- What you are asked to do
The lines wanted are those from the one containing "Taki Font for Bold Web Design" to the last line of the entries below; output them exactly, leaving out pictures.

- Material to process
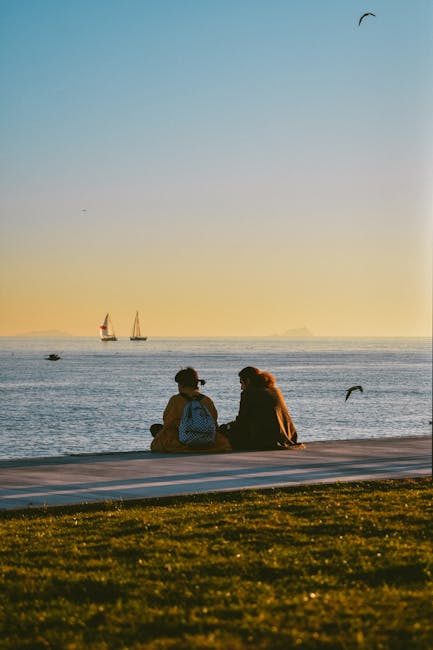 Couple watching the bay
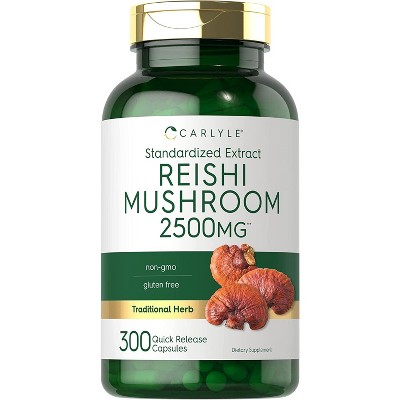 Carlyle Reishi Mushroom 2500mg | 300 Capsules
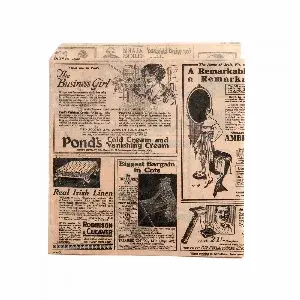 Carta antigrasso aperto 2 lati fast food pfas free 'times' 34 g/m2 17x18 cm naturale pergamana antigrassi (1000 unità)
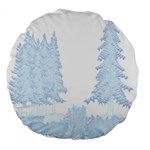 Winter Snow Trees Forest Large 18  Premium Flano Round Cushions Front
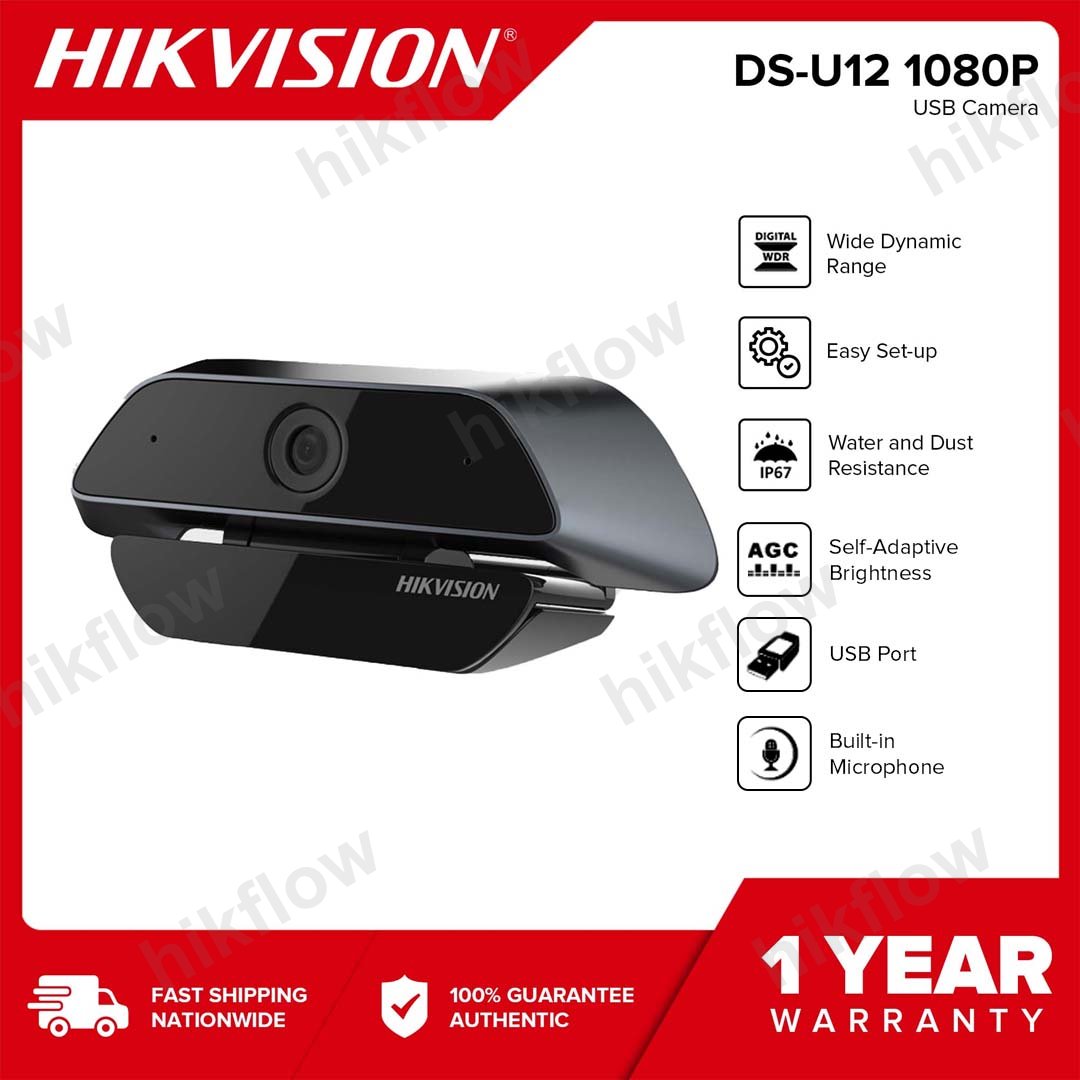Hikvision DS-U12 2 MP Full HD USB Web Kamera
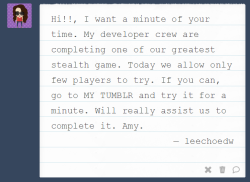 pokedeer:  omg they escalated what happened to asks..actually that’s a thought they’ve done some work cause that blog aint following me and fanmail is limited to blogs that follow you so they’ve actually got a workaround for that script built into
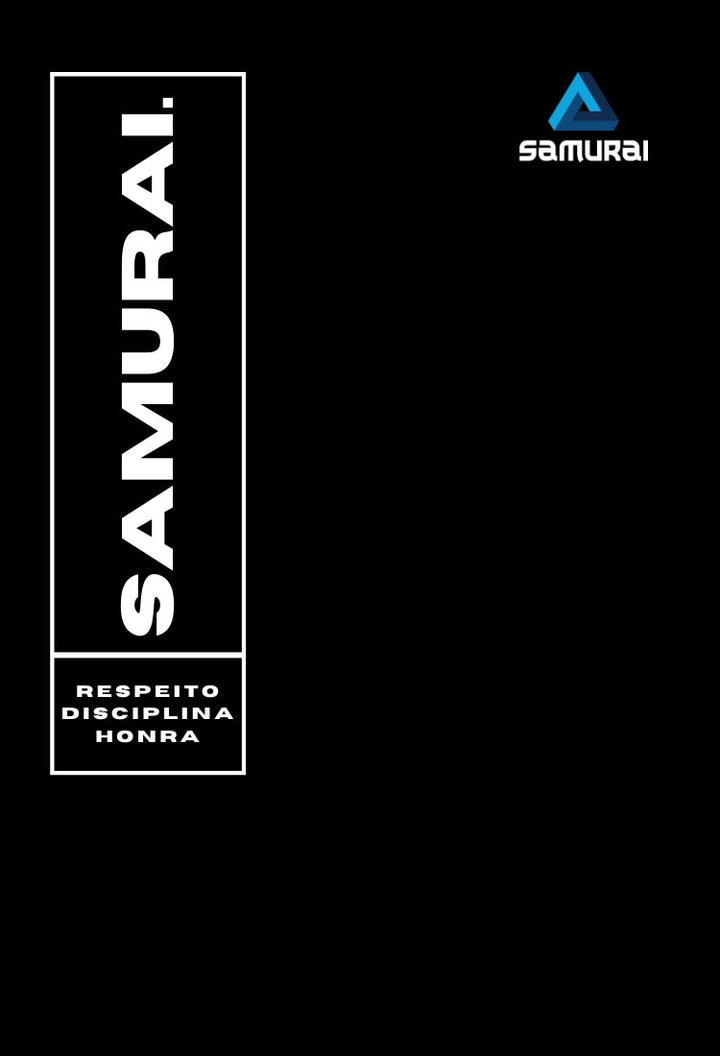 CAMISETA MASCULINA SAMURAI PRETO CLASSIC DESIGN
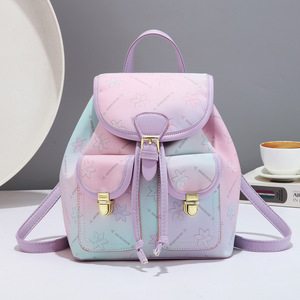 Mochilas Escolares de Viaje para Mujer en Oferta, Mochilas Casuales de Cuero PU - Product Image 4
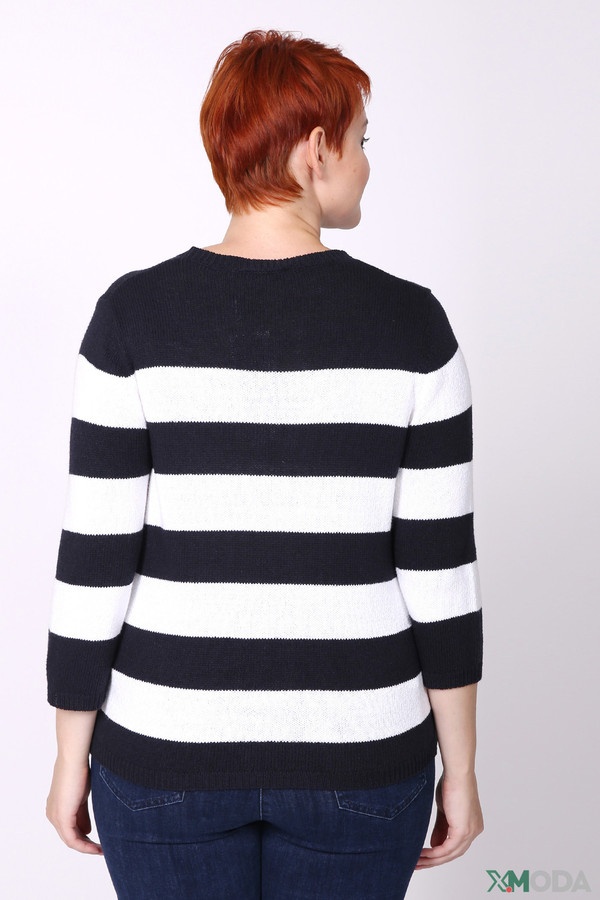 Пуловер Rabe collection, размер 50, цвет разноцветный - фото 3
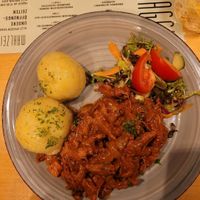 vegan goulash, absolutely outstanding! at Steffenhagen in Dresden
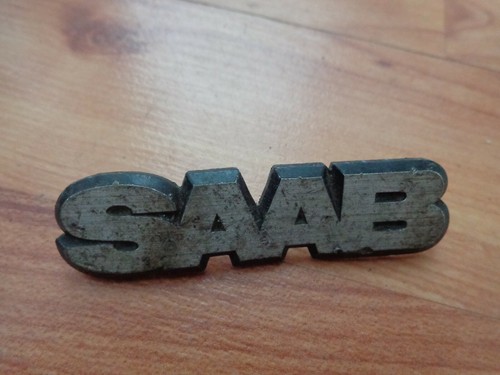 Vintage saab emblem - saab, bonnet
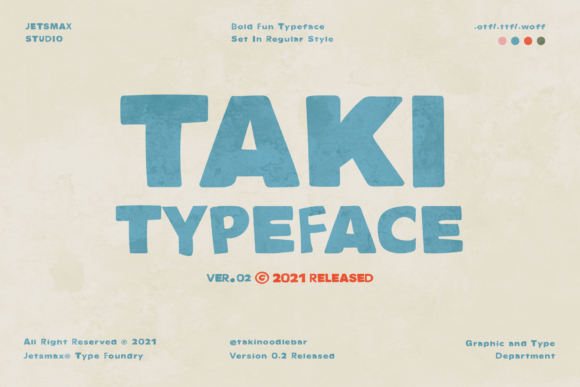 Taki Font for Bold Web Design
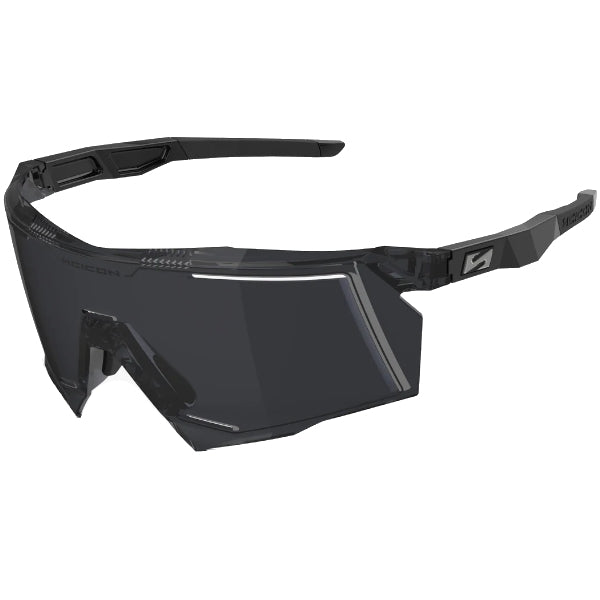 “Scicon cycling sunglasses with smoke black lens – lightweight black performance eyewear”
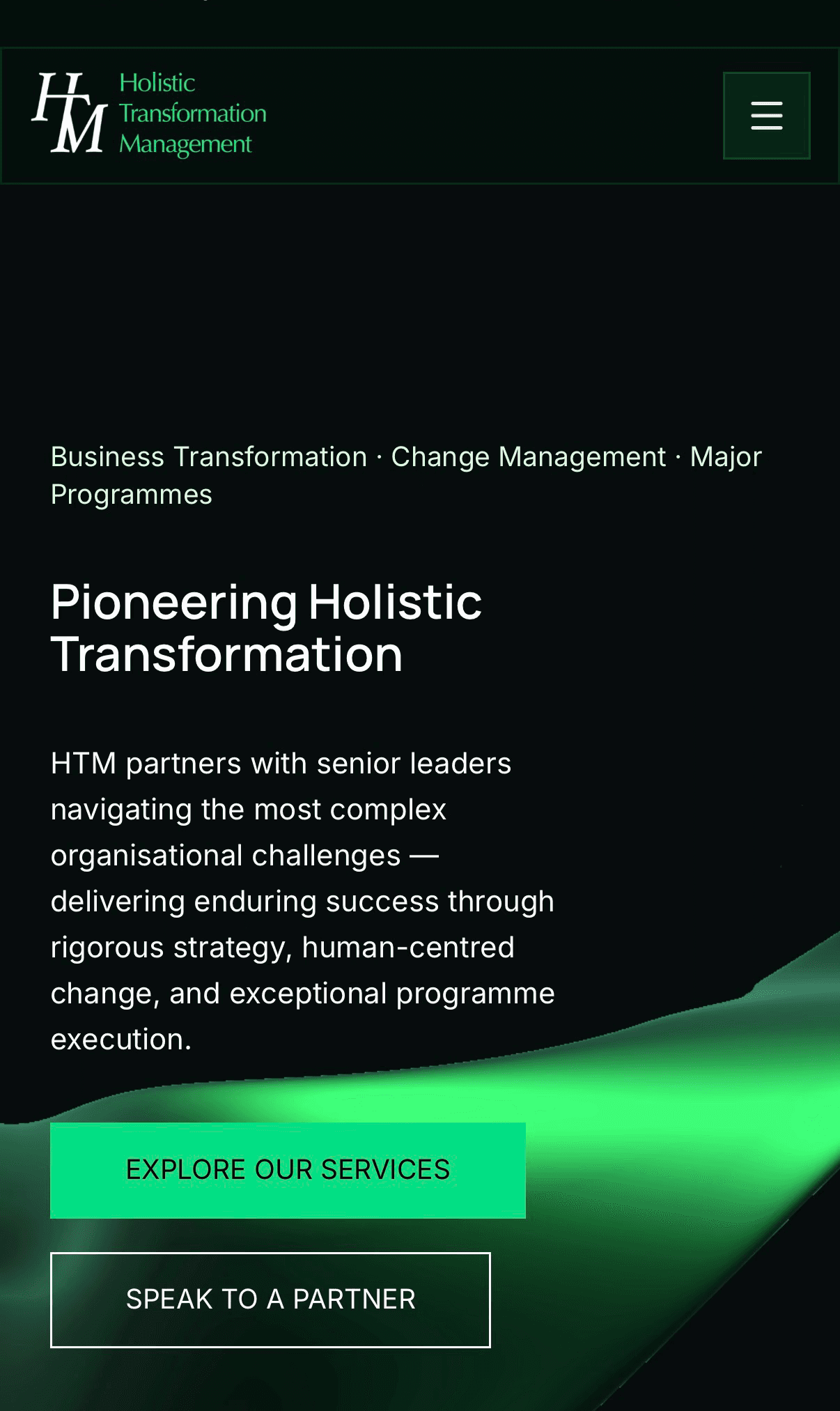 Holistic Transformation Management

- Response area
 Taki Font for Bold Web Design
 “Scicon cycling sunglasses with smoke black lens – lightweight black performance eyewear”
 Holistic Transformation Management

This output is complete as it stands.